(Short web captions)
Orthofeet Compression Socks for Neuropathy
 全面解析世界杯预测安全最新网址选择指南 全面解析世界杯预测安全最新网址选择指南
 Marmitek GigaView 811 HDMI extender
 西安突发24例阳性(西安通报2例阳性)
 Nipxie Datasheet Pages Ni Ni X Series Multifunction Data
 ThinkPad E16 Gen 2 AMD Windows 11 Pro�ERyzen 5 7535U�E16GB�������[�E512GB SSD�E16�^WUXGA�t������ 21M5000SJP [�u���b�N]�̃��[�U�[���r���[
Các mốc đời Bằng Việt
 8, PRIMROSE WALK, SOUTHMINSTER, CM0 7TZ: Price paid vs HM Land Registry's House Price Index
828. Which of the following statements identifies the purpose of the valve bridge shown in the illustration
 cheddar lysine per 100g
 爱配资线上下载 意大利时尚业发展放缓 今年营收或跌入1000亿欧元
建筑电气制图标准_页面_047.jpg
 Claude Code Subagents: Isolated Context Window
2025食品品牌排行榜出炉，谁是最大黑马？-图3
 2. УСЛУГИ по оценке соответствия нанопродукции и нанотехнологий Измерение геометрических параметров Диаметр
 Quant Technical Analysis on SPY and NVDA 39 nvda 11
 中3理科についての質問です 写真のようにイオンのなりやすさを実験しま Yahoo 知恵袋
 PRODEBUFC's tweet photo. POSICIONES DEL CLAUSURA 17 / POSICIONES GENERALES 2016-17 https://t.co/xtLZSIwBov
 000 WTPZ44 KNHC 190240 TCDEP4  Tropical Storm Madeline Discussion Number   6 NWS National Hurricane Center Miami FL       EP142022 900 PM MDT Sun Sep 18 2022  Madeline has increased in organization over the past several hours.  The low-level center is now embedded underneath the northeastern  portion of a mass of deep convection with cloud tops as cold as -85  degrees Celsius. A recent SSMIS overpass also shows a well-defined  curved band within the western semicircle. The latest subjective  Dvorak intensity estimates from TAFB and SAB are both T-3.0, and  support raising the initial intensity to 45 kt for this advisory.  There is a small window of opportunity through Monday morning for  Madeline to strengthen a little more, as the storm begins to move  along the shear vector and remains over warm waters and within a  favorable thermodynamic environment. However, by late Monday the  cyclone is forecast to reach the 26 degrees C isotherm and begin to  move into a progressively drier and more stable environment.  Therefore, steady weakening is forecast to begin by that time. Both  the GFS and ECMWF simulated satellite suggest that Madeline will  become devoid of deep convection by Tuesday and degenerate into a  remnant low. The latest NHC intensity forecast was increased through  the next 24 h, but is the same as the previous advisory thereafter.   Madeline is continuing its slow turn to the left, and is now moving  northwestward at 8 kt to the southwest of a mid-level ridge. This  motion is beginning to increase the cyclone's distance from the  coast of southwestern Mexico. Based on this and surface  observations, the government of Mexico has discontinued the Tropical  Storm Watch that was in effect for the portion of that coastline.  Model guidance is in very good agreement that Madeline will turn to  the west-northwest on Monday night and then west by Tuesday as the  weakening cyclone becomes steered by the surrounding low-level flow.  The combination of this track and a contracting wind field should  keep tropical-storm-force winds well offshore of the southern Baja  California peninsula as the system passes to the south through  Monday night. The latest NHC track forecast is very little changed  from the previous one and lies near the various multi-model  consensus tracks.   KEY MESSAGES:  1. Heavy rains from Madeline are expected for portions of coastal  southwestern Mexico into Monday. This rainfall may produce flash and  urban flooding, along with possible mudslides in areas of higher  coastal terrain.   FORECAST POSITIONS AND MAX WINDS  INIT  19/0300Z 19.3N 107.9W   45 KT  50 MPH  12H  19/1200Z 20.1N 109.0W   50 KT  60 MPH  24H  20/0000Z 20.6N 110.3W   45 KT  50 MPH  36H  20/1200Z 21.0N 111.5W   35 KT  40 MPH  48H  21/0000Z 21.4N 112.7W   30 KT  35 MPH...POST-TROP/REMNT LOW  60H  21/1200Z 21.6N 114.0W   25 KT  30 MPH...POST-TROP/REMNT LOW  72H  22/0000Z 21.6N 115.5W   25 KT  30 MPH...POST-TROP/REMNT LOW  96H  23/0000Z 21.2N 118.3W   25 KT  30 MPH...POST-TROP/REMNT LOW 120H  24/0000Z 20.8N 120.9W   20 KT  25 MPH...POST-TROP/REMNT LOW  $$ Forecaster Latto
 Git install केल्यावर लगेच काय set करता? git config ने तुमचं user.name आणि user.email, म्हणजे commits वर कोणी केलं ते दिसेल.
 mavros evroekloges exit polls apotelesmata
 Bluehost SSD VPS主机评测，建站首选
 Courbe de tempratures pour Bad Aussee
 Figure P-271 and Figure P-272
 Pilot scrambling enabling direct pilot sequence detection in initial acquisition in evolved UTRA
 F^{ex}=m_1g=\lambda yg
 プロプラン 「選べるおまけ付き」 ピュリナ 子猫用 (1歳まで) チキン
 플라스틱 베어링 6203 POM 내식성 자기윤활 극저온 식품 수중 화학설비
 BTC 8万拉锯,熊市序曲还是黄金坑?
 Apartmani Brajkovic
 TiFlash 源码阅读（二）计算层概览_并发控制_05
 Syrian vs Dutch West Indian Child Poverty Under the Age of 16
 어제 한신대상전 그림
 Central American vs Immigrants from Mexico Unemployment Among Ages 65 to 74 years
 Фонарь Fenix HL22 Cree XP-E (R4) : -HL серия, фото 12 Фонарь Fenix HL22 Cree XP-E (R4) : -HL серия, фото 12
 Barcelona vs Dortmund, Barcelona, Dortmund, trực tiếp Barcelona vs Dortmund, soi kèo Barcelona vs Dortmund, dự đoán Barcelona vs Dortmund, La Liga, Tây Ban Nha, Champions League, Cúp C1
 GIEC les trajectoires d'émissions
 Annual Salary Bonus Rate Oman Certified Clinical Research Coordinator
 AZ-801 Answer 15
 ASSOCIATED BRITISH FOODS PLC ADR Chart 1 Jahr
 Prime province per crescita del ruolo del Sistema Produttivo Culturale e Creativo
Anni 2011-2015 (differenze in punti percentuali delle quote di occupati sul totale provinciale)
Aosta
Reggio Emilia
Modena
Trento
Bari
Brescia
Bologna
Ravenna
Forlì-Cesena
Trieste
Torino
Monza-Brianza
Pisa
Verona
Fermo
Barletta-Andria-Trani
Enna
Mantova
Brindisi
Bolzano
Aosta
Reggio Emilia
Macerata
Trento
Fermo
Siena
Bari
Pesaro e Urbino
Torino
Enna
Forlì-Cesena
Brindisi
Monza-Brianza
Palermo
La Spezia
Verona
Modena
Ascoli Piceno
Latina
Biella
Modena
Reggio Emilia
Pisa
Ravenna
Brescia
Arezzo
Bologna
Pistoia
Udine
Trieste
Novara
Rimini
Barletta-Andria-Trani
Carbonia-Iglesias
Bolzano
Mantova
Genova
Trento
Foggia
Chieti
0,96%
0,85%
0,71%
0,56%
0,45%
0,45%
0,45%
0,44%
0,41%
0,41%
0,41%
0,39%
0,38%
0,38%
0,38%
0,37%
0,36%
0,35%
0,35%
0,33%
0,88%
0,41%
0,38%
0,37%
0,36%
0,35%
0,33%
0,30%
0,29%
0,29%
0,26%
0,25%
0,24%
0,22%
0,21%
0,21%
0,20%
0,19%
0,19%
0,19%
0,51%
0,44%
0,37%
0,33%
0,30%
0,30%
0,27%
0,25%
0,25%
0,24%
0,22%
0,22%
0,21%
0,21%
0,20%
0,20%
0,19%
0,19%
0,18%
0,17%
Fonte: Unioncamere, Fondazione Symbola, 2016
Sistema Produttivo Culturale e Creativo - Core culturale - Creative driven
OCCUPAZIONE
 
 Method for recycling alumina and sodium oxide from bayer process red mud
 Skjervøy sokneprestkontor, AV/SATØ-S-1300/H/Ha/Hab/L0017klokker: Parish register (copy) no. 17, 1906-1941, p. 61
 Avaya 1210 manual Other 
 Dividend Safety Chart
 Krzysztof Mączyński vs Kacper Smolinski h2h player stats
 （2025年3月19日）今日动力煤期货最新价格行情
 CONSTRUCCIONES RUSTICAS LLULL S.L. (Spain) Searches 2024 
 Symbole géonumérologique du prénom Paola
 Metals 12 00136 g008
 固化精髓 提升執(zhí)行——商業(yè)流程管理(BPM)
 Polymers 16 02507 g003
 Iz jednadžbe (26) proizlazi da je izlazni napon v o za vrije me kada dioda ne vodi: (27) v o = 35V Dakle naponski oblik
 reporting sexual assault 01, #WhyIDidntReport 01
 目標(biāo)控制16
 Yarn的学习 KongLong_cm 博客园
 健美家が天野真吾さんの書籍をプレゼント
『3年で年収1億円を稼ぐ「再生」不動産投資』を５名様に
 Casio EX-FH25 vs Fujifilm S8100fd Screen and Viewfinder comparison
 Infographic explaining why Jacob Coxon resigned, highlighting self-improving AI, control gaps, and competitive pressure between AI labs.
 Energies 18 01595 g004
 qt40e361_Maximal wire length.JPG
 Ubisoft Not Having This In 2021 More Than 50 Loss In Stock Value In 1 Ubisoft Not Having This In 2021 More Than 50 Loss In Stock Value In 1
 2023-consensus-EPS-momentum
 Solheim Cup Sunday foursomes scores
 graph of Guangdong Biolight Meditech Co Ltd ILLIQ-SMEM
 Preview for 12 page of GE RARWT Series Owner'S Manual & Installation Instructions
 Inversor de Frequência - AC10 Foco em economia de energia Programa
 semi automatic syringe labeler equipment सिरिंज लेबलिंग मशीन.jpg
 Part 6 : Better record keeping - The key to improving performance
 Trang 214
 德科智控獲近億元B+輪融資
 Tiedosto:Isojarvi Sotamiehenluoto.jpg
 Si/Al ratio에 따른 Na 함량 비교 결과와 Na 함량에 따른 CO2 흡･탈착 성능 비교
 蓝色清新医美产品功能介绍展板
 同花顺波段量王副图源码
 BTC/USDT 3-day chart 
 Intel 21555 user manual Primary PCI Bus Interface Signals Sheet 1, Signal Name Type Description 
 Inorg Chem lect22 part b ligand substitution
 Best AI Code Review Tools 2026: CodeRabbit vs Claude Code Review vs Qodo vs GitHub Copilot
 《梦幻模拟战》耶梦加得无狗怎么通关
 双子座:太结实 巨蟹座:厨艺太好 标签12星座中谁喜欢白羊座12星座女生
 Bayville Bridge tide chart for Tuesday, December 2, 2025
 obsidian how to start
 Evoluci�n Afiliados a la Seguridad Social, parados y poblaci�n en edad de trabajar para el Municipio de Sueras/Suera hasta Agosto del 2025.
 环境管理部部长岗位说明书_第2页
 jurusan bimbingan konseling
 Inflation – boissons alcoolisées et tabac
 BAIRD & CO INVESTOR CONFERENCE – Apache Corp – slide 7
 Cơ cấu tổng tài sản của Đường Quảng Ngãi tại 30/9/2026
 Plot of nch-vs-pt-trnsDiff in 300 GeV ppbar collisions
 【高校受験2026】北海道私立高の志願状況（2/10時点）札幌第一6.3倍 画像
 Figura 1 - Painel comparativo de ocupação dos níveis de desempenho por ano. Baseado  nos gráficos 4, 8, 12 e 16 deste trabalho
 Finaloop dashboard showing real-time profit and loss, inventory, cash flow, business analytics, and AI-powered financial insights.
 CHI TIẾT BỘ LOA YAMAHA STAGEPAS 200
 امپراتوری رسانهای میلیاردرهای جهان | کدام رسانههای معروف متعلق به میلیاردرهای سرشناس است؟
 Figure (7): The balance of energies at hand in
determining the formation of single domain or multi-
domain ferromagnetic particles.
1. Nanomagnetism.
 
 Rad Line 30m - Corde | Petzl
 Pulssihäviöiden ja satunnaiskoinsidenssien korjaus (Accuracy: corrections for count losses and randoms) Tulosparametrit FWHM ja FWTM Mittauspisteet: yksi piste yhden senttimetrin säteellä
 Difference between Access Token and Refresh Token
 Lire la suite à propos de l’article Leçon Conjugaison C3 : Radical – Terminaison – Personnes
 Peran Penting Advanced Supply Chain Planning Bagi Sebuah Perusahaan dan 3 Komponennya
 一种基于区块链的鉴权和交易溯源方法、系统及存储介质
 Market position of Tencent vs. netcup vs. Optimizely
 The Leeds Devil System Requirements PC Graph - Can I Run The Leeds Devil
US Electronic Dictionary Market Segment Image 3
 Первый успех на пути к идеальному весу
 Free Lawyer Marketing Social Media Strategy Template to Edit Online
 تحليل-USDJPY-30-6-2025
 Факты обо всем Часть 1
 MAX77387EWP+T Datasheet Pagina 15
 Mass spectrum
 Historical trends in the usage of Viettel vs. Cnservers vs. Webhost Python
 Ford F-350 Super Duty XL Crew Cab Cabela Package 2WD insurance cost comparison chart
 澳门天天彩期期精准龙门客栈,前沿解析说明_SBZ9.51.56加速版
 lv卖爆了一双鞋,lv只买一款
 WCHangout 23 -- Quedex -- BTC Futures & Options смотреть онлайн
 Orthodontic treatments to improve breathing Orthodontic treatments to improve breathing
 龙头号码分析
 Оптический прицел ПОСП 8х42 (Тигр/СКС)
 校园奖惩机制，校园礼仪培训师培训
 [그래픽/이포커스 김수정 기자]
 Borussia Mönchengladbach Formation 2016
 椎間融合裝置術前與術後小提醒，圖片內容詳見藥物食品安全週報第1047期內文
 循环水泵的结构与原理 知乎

PROBLEM TO SOLVE: Proceeding from the line containing "蓝色清新医美产品功能介绍展板" through the line containing "domain ferromagnetic particles.", transcribe the lines above exactly, both end lines included.

TASK SOLUTION:
 蓝色清新医美产品功能介绍展板
 同花顺波段量王副图源码
 BTC/USDT 3-day chart 
 Intel 21555 user manual Primary PCI Bus Interface Signals Sheet 1, Signal Name Type Description 
 Inorg Chem lect22 part b ligand substitution
 Best AI Code Review Tools 2026: CodeRabbit vs Claude Code Review vs Qodo vs GitHub Copilot
 《梦幻模拟战》耶梦加得无狗怎么通关
 双子座:太结实 巨蟹座:厨艺太好 标签12星座中谁喜欢白羊座12星座女生
 Bayville Bridge tide chart for Tuesday, December 2, 2025
 obsidian how to start
 Evoluci�n Afiliados a la Seguridad Social, parados y poblaci�n en edad de trabajar para el Municipio de Sueras/Suera hasta Agosto del 2025.
 环境管理部部长岗位说明书_第2页
 jurusan bimbingan konseling
 Inflation – boissons alcoolisées et tabac
 BAIRD & CO INVESTOR CONFERENCE – Apache Corp – slide 7
 Cơ cấu tổng tài sản của Đường Quảng Ngãi tại 30/9/2026
 Plot of nch-vs-pt-trnsDiff in 300 GeV ppbar collisions
 【高校受験2026】北海道私立高の志願状況（2/10時点）札幌第一6.3倍 画像
 Figura 1 - Painel comparativo de ocupação dos níveis de desempenho por ano. Baseado  nos gráficos 4, 8, 12 e 16 deste trabalho
 Finaloop dashboard showing real-time profit and loss, inventory, cash flow, business analytics, and AI-powered financial insights.
 CHI TIẾT BỘ LOA YAMAHA STAGEPAS 200
 امپراتوری رسانهای میلیاردرهای جهان | کدام رسانههای معروف متعلق به میلیاردرهای سرشناس است؟
 Figure (7): The balance of energies at hand in
determining the formation of single domain or multi-
domain ferromagnetic particles.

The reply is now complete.